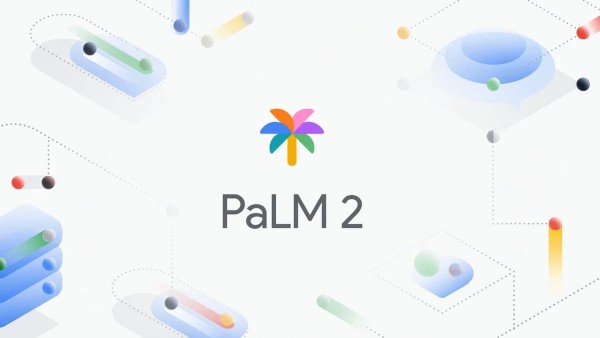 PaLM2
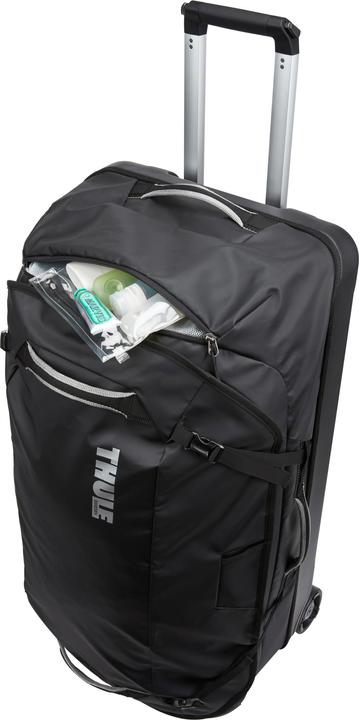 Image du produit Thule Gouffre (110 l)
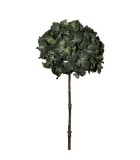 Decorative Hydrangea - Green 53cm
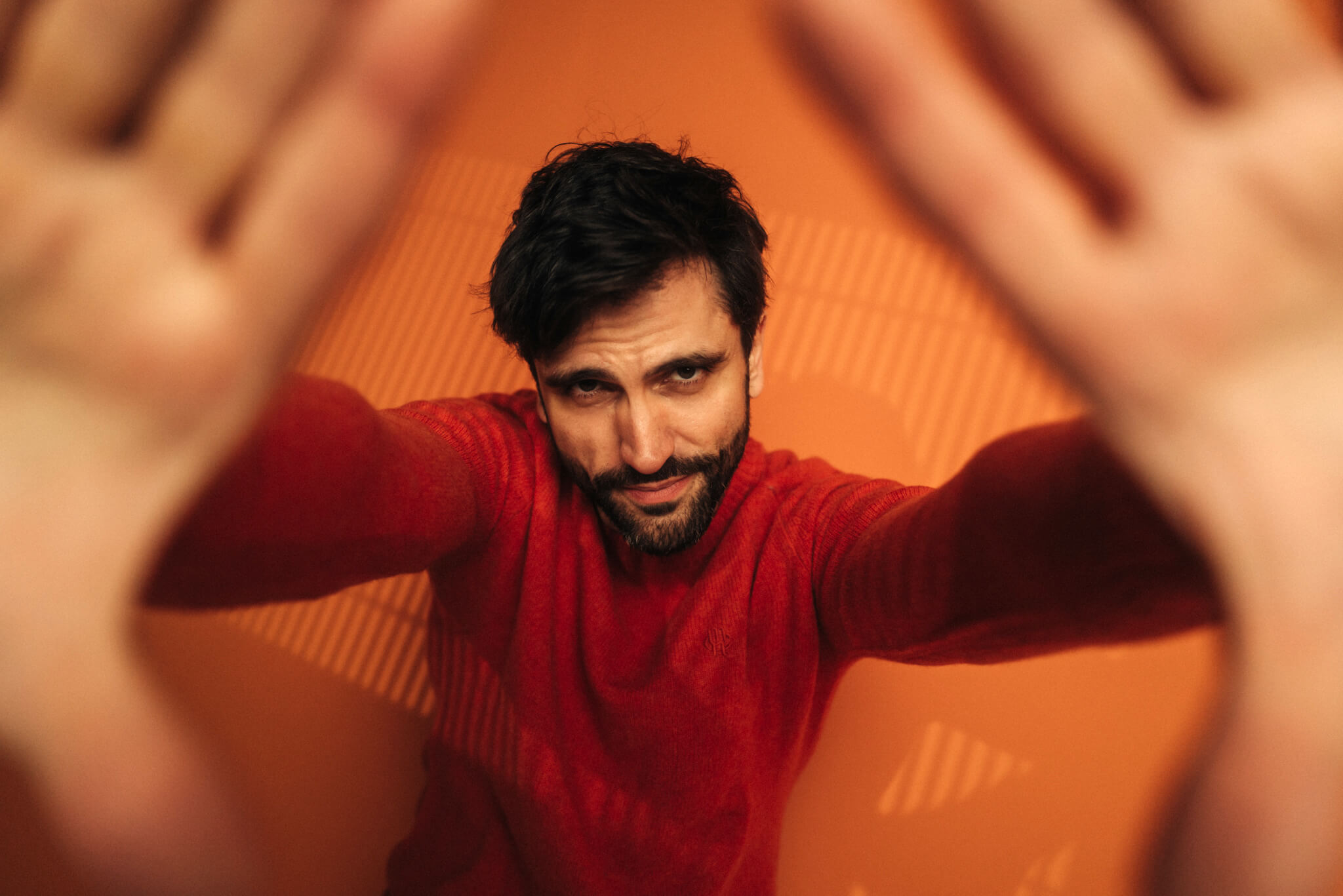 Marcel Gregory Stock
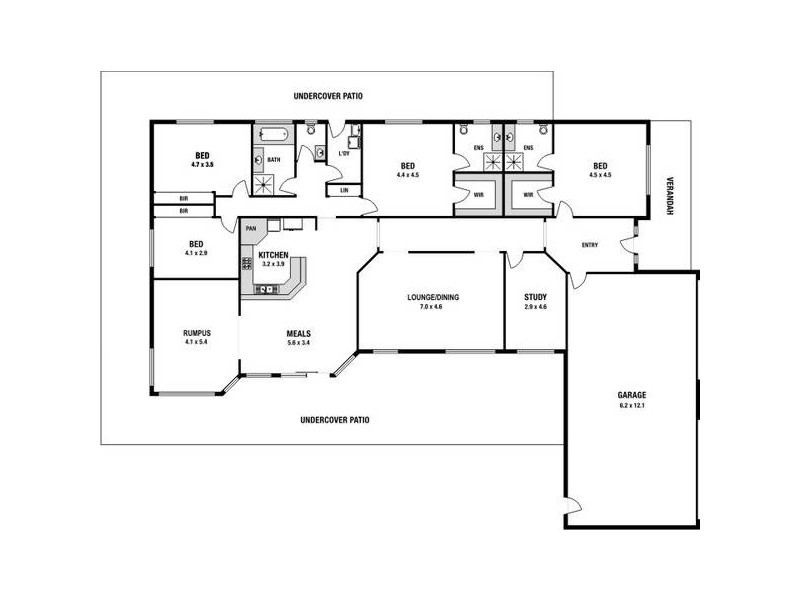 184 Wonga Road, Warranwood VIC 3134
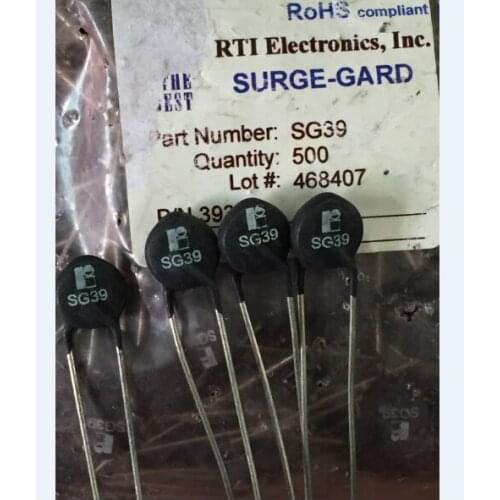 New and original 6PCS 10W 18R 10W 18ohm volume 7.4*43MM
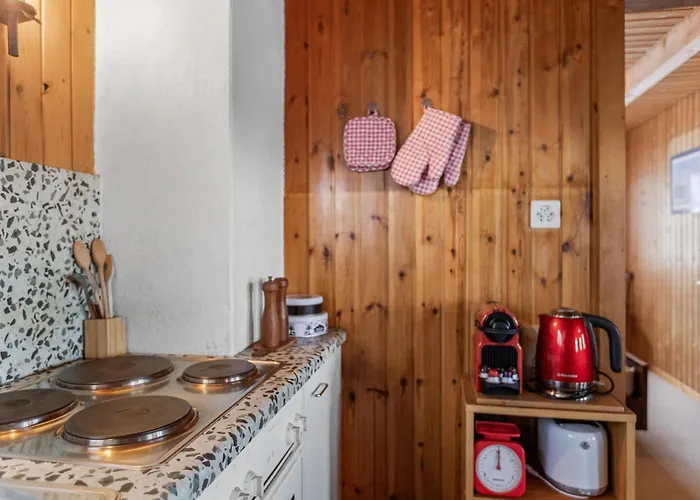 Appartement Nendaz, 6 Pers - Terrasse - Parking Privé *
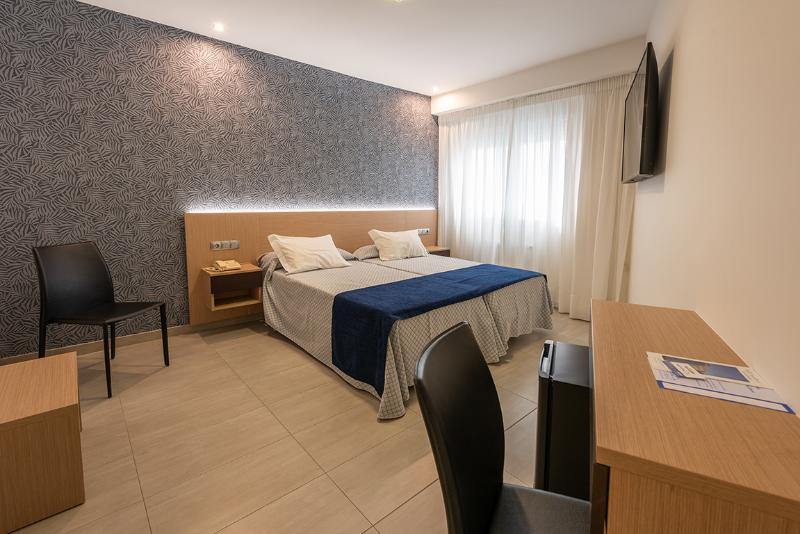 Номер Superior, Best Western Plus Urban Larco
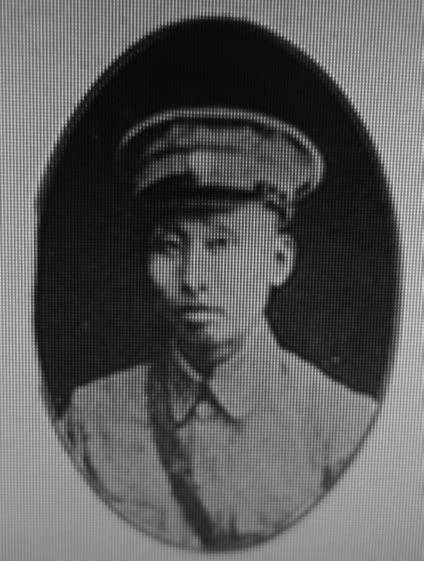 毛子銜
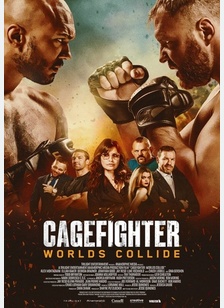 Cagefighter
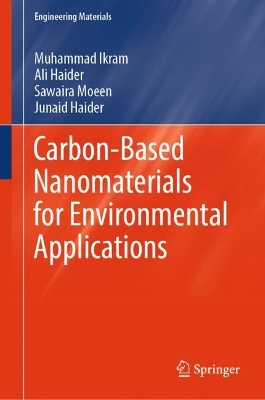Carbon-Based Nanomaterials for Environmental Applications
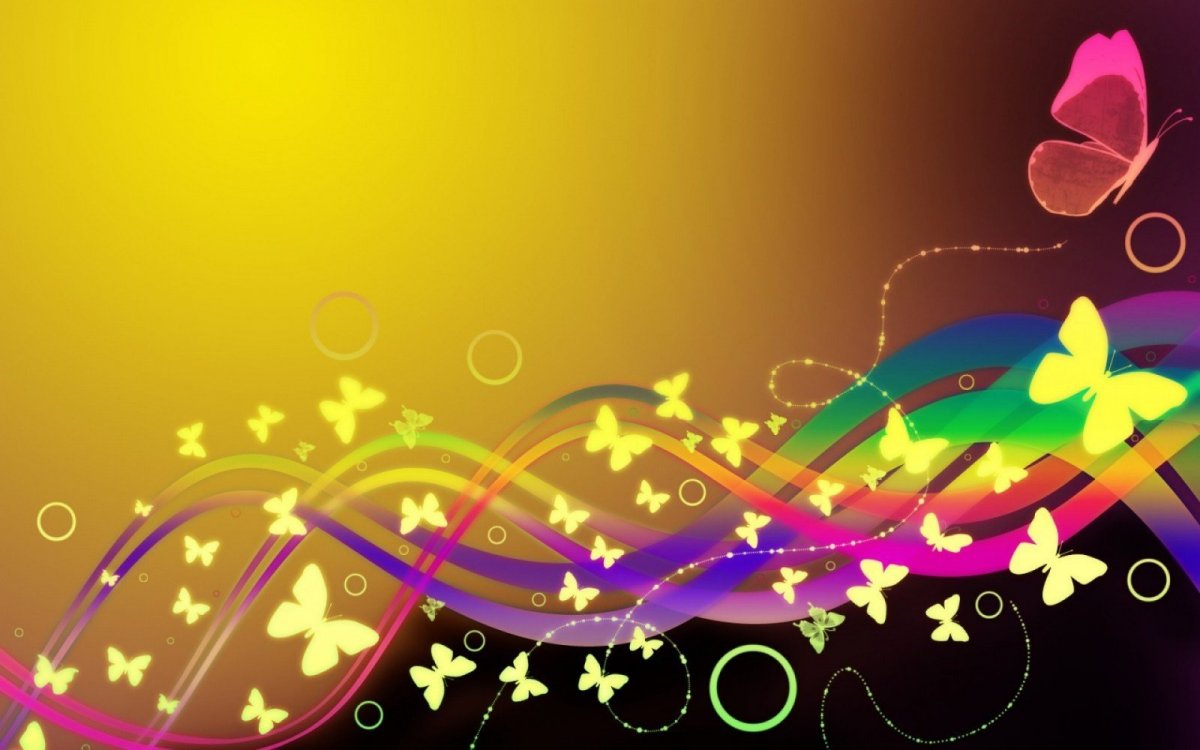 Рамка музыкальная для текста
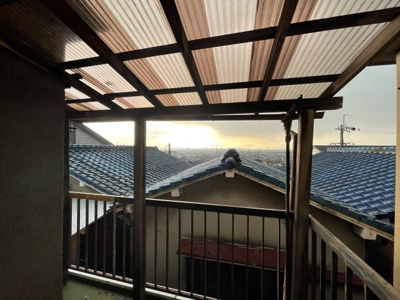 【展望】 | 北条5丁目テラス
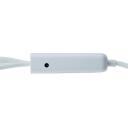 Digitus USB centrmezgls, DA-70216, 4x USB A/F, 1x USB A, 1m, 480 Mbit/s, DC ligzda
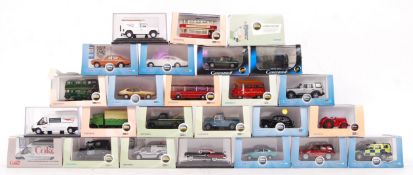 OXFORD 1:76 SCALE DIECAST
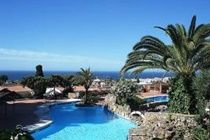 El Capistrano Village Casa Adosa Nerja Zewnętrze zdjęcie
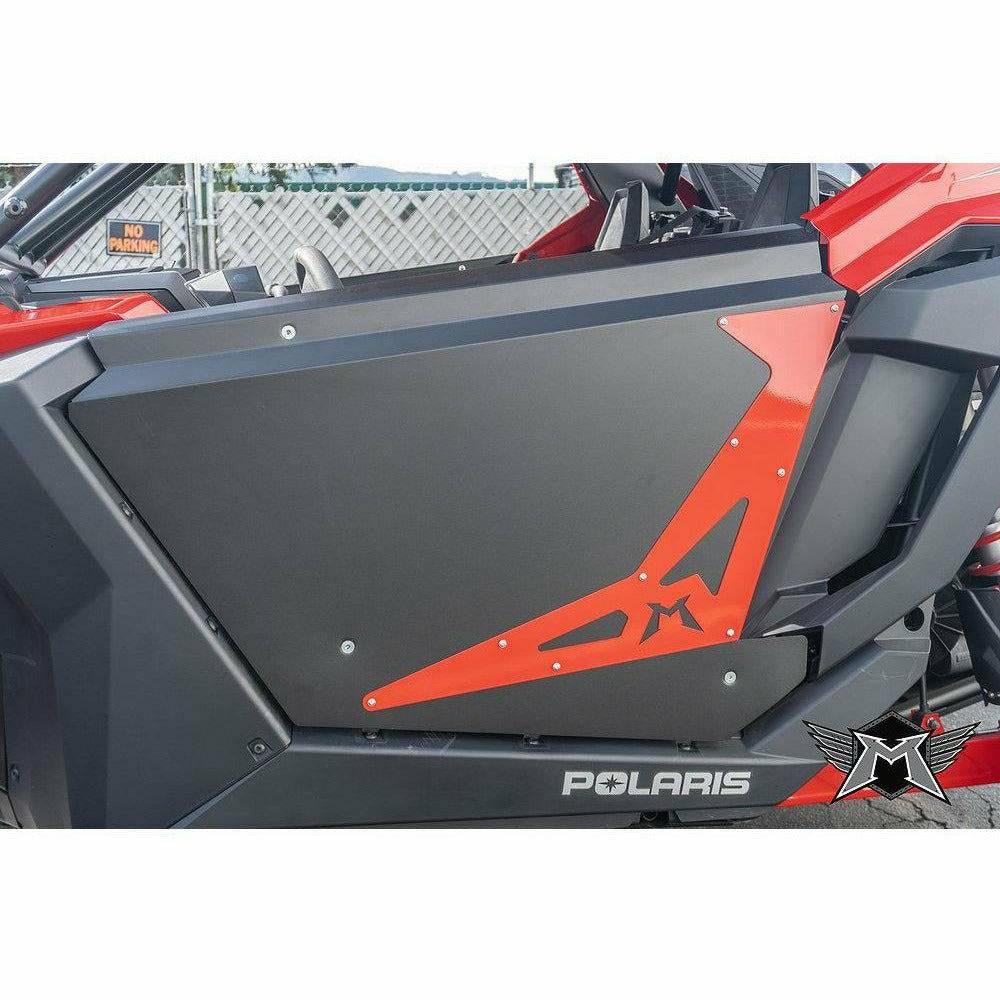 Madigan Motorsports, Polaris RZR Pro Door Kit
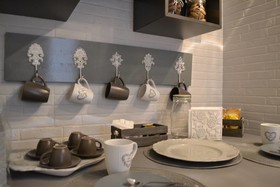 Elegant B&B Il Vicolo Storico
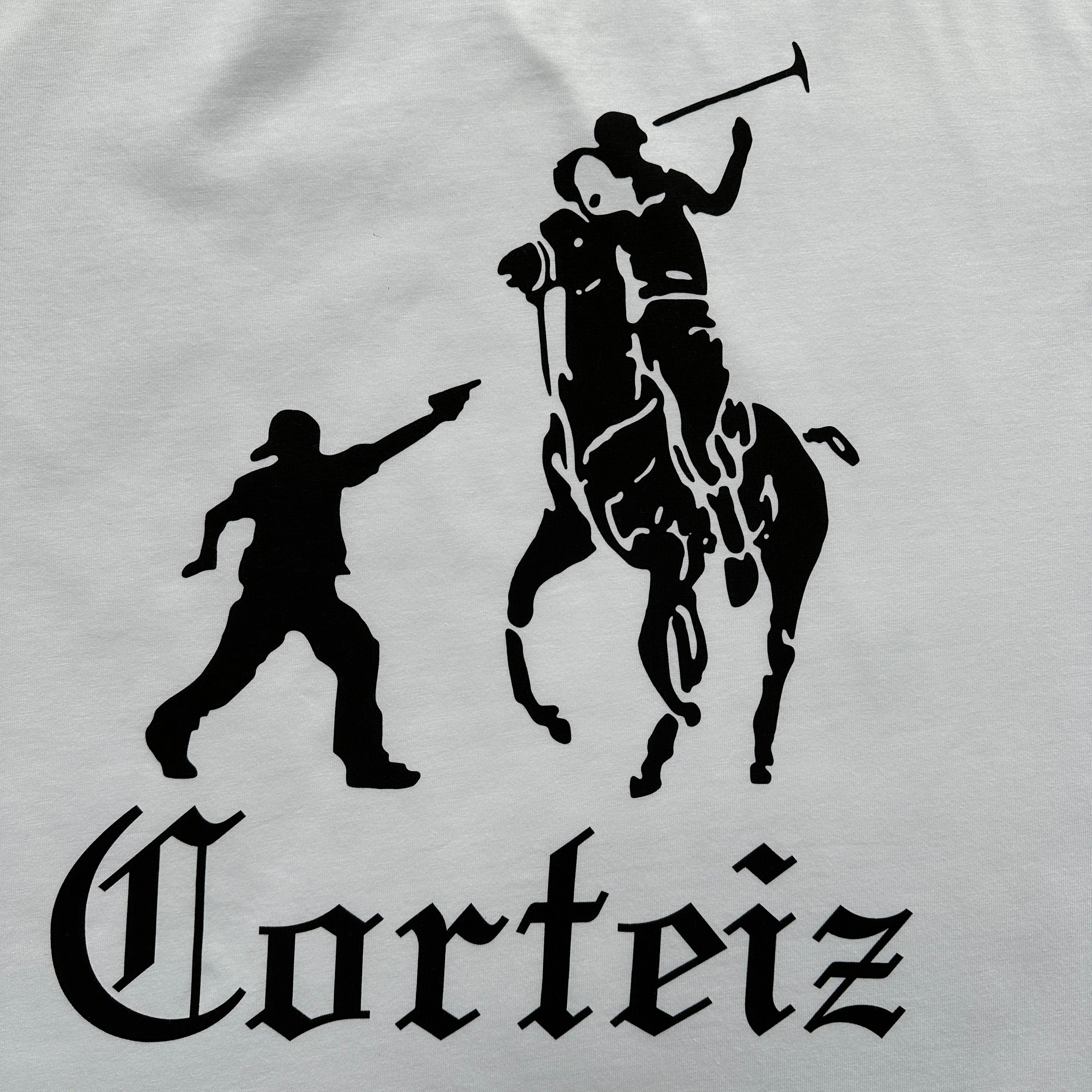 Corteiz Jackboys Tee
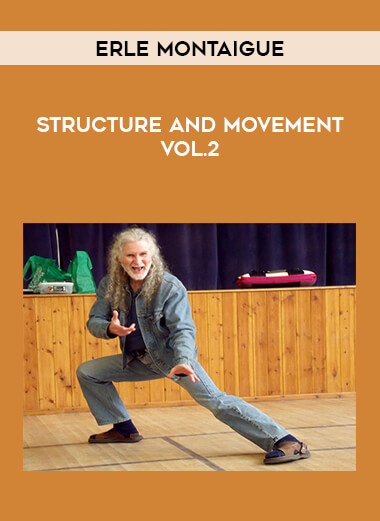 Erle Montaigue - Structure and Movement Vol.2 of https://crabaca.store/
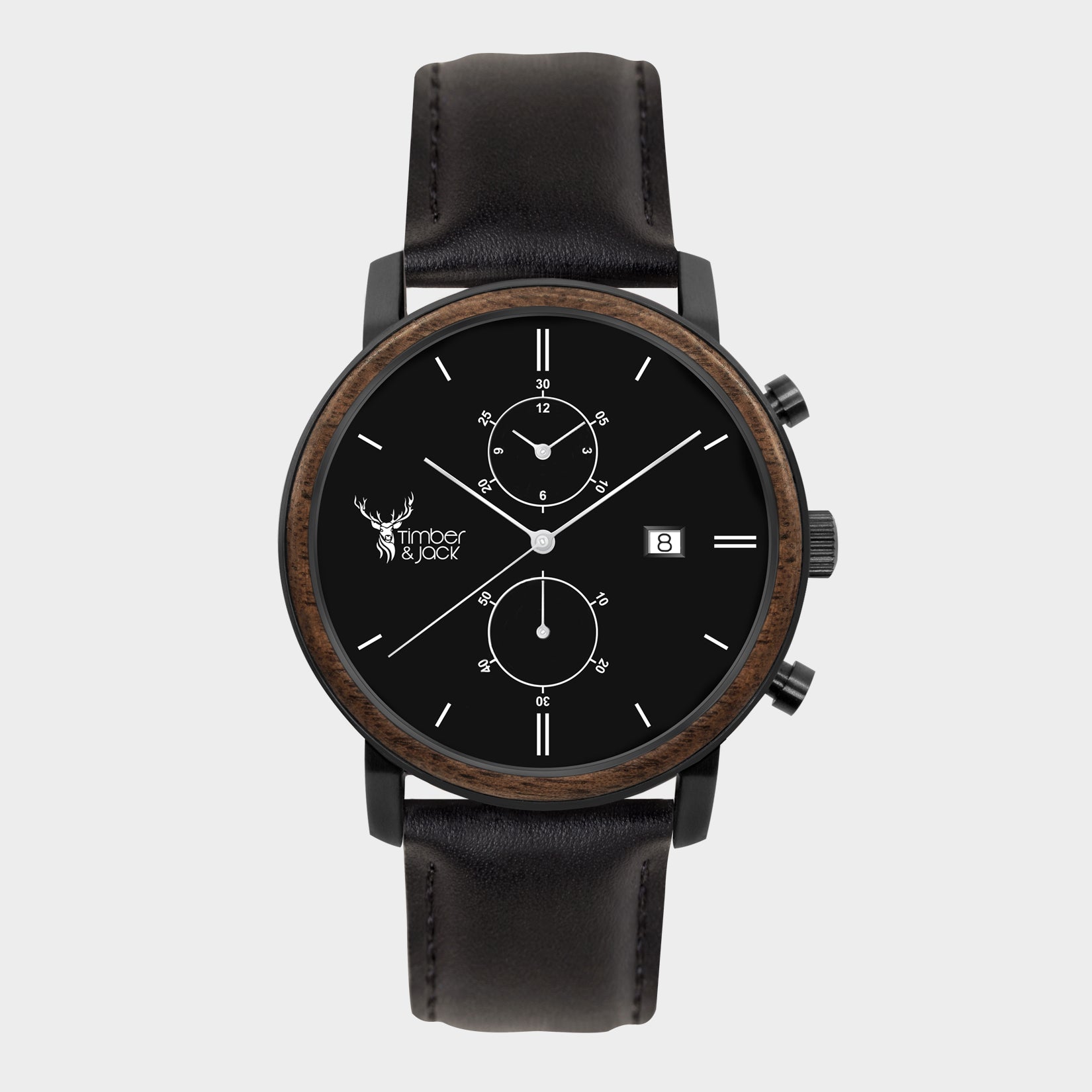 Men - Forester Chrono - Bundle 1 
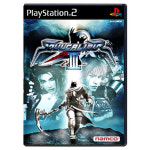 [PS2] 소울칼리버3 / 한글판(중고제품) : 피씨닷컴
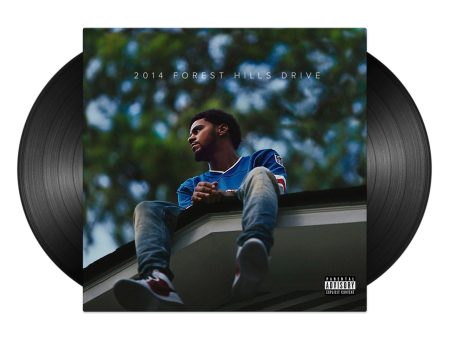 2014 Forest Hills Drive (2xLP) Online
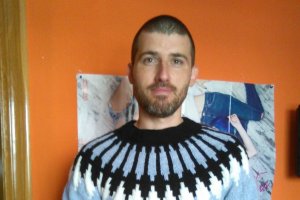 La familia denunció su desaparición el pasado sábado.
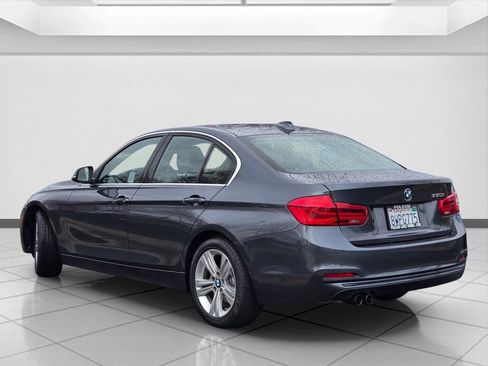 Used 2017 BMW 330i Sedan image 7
---
Print exactly the first line of the entries and every line after it through the one that contains "Cagefighter", leaving the pictures out.

 PaLM2
 Image du produit Thule Gouffre (110 l)
 Decorative Hydrangea - Green 53cm
 Marcel Gregory Stock
 184 Wonga Road, Warranwood VIC 3134
 New and original 6PCS 10W 18R 10W 18ohm volume 7.4*43MM
 Appartement Nendaz, 6 Pers - Terrasse - Parking Privé *
 Номер Superior, Best Western Plus Urban Larco
 毛子銜
 Cagefighter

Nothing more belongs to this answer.